The coronavirus 2019 (COVID-19) is a highly infectious virus that has a significant effect on public health [1,2]. The World Health Organization (WHO) reported that at least 17,000 healthcare workers lost their lives due to COVID-19, primarily as a consequence of cross-infection [3]. As infectious disease hospitals have the largest number of confirmed patients, they confront more difficult challenges than other places. Therefore, the air quality in the hospital deserves attention to minimize the risk of cross infection.
Research indicates that the proper use of ventilation systems has been a crucial factor in the spread of COVID-19 [4,5,6]. The rate of transmission is higher in buildings with lower fresh-air rates [7,8]. Inappropriate air circulation has been the cause of multiple viral transmission cases in indoor environments [9]. However, general hospitals and infectious disease hospitals serve different functions. When facing sudden epidemics, general hospitals cannot meet standards for ventilation systems in infectious disease hospitals, leading to a risk of cross-infection when treating infectious patients. Meanwhile, infectious disease hospitals are easily exposed to resource shortages, and the rapid construction of emergency hospitals on a large scale, such as the Thunder Mountain God Hospital [10], comes at a high cost [11].
Therefore, an effective way to address these issues is to adopt dual-design operation ventilation systems (DOV). For example, in patient wards, it means to operate under two sets of ventilation conditions: 1) during normal times, fresh air rate is three air changes per hour (ACH) [12], emphasizing increased cleanliness to create a slightly positive pressure environment; 2) during epidemic times, however, fresh air rate is 6 ACH, and the exhaust air rate needs to be at least 150 m3/h more than the fresh air rate [13], emphasizing the prevention of viral spread by creating a negative pressure environment.
For DOV, one of the challenges is to ensure the required airflow rate during normal and epidemic times while achieving hydraulic balance.
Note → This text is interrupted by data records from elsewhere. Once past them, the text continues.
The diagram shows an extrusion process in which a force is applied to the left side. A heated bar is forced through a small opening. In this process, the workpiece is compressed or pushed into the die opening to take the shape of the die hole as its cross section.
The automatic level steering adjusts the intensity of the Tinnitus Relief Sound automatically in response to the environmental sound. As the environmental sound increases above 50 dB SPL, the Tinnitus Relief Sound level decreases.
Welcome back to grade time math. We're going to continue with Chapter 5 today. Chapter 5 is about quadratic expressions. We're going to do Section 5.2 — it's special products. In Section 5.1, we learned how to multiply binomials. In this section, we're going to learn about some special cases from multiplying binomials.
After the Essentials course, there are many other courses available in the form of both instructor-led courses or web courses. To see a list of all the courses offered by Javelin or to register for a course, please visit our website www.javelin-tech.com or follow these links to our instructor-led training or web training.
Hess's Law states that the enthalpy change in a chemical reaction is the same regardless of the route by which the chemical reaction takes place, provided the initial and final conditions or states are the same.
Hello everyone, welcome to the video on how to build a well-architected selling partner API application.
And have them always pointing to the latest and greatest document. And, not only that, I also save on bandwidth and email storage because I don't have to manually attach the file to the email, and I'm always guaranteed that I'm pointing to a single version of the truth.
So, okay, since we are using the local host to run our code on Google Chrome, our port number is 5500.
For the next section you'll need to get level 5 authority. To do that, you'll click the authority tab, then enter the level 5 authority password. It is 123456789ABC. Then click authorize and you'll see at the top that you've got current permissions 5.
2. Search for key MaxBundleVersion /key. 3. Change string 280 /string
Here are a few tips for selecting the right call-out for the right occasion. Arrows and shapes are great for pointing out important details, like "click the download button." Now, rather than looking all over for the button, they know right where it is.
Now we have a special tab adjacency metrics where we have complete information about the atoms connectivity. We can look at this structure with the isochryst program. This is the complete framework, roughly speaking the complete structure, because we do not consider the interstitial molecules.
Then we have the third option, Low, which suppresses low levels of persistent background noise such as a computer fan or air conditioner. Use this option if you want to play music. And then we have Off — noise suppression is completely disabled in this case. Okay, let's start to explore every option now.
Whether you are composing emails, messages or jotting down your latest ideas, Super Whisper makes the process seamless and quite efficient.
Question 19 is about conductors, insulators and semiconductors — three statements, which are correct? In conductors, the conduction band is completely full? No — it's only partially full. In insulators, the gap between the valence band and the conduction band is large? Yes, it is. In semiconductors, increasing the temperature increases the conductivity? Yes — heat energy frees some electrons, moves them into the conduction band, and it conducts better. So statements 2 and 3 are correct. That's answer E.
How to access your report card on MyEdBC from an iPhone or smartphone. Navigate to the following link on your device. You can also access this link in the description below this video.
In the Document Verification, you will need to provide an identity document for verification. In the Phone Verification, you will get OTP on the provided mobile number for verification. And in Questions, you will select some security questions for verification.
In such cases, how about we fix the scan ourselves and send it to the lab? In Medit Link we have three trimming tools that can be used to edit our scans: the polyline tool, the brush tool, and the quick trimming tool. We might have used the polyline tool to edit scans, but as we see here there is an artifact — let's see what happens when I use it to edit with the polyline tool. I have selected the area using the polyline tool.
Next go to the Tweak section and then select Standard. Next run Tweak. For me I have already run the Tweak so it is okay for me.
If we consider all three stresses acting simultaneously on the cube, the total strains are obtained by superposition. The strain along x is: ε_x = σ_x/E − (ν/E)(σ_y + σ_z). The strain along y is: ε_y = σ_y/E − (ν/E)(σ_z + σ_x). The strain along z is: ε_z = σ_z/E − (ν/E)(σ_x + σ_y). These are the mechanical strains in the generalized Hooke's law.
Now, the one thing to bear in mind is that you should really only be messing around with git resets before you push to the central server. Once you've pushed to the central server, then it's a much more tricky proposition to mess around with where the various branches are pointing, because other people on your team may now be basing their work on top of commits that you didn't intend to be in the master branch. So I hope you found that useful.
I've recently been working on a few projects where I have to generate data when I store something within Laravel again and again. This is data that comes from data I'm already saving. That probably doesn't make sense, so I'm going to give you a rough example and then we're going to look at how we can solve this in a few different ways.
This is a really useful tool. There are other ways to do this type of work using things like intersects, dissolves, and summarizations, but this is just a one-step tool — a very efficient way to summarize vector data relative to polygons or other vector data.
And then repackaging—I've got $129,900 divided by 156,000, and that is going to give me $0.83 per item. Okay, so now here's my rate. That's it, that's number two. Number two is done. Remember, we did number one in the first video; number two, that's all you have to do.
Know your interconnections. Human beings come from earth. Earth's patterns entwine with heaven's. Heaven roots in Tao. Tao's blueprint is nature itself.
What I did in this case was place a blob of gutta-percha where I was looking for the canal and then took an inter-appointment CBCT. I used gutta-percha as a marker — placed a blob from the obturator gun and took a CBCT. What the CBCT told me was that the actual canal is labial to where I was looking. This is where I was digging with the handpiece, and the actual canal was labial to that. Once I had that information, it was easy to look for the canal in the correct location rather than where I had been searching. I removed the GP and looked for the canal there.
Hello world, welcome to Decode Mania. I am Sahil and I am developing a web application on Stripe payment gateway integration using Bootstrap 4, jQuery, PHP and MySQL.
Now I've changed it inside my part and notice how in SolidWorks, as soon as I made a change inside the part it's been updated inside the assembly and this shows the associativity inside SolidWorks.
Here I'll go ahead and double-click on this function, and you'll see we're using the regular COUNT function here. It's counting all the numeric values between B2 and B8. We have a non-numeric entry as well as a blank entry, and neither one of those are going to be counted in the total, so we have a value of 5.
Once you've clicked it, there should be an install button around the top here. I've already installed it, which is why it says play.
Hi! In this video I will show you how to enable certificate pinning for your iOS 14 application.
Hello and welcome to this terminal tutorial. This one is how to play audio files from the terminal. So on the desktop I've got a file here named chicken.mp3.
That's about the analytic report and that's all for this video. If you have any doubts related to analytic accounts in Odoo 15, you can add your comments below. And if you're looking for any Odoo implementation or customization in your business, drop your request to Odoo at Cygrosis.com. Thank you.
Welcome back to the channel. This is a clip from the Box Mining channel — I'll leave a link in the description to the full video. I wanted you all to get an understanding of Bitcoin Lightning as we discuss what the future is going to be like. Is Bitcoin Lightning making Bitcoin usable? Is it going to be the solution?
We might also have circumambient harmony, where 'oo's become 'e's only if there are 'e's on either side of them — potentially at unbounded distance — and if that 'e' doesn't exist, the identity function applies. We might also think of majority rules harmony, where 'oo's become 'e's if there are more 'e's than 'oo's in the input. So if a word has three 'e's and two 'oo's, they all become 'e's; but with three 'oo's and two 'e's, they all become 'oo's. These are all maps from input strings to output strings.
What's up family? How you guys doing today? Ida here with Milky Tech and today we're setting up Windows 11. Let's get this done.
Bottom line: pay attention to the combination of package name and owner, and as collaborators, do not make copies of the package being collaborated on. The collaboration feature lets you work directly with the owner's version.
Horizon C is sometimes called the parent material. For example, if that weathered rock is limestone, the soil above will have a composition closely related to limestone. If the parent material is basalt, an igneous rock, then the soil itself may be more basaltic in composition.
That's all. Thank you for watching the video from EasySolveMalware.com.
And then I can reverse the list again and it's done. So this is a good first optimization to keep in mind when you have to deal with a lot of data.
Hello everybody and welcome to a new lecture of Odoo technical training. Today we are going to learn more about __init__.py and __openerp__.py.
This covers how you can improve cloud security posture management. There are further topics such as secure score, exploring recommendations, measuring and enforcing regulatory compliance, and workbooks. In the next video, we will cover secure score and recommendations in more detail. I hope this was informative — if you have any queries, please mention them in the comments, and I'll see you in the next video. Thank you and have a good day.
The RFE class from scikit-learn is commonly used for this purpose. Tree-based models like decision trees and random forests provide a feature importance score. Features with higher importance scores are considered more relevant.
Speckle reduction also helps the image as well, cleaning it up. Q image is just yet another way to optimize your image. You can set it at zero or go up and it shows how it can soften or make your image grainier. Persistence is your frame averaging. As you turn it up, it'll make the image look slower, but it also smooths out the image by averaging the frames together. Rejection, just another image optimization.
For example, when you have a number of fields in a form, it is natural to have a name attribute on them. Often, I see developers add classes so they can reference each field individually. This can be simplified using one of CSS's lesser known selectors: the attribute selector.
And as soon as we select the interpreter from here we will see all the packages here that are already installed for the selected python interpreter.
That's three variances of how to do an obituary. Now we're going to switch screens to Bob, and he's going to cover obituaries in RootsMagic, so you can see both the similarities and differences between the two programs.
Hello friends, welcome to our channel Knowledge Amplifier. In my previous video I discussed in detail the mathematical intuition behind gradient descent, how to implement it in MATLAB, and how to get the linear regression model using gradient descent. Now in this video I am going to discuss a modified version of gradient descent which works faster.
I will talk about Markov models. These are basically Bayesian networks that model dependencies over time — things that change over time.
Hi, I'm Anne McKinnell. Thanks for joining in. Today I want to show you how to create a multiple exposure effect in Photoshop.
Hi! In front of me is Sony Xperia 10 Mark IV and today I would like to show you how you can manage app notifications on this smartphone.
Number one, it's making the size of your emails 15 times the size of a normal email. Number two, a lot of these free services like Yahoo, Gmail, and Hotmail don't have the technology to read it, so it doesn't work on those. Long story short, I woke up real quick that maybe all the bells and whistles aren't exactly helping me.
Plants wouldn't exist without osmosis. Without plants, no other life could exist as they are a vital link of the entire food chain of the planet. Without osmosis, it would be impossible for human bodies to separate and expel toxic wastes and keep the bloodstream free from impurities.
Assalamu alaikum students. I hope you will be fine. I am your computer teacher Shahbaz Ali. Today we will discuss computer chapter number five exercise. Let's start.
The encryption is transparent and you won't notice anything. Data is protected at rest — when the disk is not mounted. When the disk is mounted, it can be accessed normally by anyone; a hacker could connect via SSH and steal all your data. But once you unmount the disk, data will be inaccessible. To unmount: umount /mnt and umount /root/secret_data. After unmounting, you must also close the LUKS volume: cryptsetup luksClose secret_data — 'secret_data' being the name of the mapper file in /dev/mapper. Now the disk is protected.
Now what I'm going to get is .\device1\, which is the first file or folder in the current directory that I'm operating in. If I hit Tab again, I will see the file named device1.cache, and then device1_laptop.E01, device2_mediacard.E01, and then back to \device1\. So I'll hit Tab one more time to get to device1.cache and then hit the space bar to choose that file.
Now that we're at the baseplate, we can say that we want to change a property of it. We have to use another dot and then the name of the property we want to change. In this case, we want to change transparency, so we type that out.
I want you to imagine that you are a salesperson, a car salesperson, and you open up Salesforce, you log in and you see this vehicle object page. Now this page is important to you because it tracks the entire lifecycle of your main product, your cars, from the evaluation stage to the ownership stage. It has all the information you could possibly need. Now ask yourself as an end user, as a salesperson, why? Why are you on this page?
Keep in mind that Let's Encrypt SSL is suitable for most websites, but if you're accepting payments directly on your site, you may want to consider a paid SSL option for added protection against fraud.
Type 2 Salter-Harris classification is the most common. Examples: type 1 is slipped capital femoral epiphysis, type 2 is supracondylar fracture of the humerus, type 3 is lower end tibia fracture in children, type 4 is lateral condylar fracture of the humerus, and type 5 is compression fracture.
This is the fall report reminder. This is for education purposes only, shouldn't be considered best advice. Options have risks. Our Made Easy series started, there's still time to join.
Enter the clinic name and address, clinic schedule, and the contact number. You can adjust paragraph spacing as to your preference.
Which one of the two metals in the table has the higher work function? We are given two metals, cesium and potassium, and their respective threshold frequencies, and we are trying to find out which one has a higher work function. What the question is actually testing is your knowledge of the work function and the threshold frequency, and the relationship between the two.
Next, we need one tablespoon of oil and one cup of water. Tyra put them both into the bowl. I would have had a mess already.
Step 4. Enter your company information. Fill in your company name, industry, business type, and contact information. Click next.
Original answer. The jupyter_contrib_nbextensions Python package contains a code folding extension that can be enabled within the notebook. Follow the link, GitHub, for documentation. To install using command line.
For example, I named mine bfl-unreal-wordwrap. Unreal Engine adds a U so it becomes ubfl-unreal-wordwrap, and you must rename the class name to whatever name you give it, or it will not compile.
In the design of ventilation systems, selecting more appropriate duct diameters can enhance the system's inherent hydraulic balance rate without air valves and reduce the usage of air valves, resulting in efficient hydraulic balancing commissioning during the transition from normal to epidemic times. This leads to faster response during the transition as well as easier operation and maintenance. However, the data of duct diameter combinations in ventilation systems is discrete and extensive, making it difficult to adjust them only based on design experience. This real-world pipe network problem is a type of discrete combination problem [14,15], which can be solved by heuristic algorithms [16,17,18].
Previous studies have used genetic algorithms to optimize duct diameter combinations [19,20,21]. There are various improved genetic algorithms, such as adaptive penalty functions [22], improved crossover [23] and mutation operators [24,25], and combinations with hydraulic simulation software [26]. However, the optimization objects of previous studies are typically urban water supply networks, while this study focuses on DOV networks. There are differences between water supply networks and DOV networks: 1) optimization goal: Urban water supply networks primarily aim to reduce network construction costs, which typically account for 50% to 70% of the total investment in water supply systems. However, the optimization goal for DOV networks is to increase hydraulic balance rate and reduce the usage of air valves; 2) constraint condition: the terminals of urban water supply networks are buildings with higher resistance and can easily use pumps for hydraulic balance. In contrast, the terminals of ventilation systems are air outlets with lower resistance and greater difficulty in achieving hydraulic balance.
Considering the above factors, it's significant to improve the hydraulic balance rate of DOV networks. To achieve this, we should design proper objective functions and improved genetic algorithms to optimize duct diameter combinations of DOV. This study selects a ventilation system of a real hospital in China as a case study. The aim was to accomplish effective transition of ventilation systems from normal to epidemic times for treating normal and epidemic patients.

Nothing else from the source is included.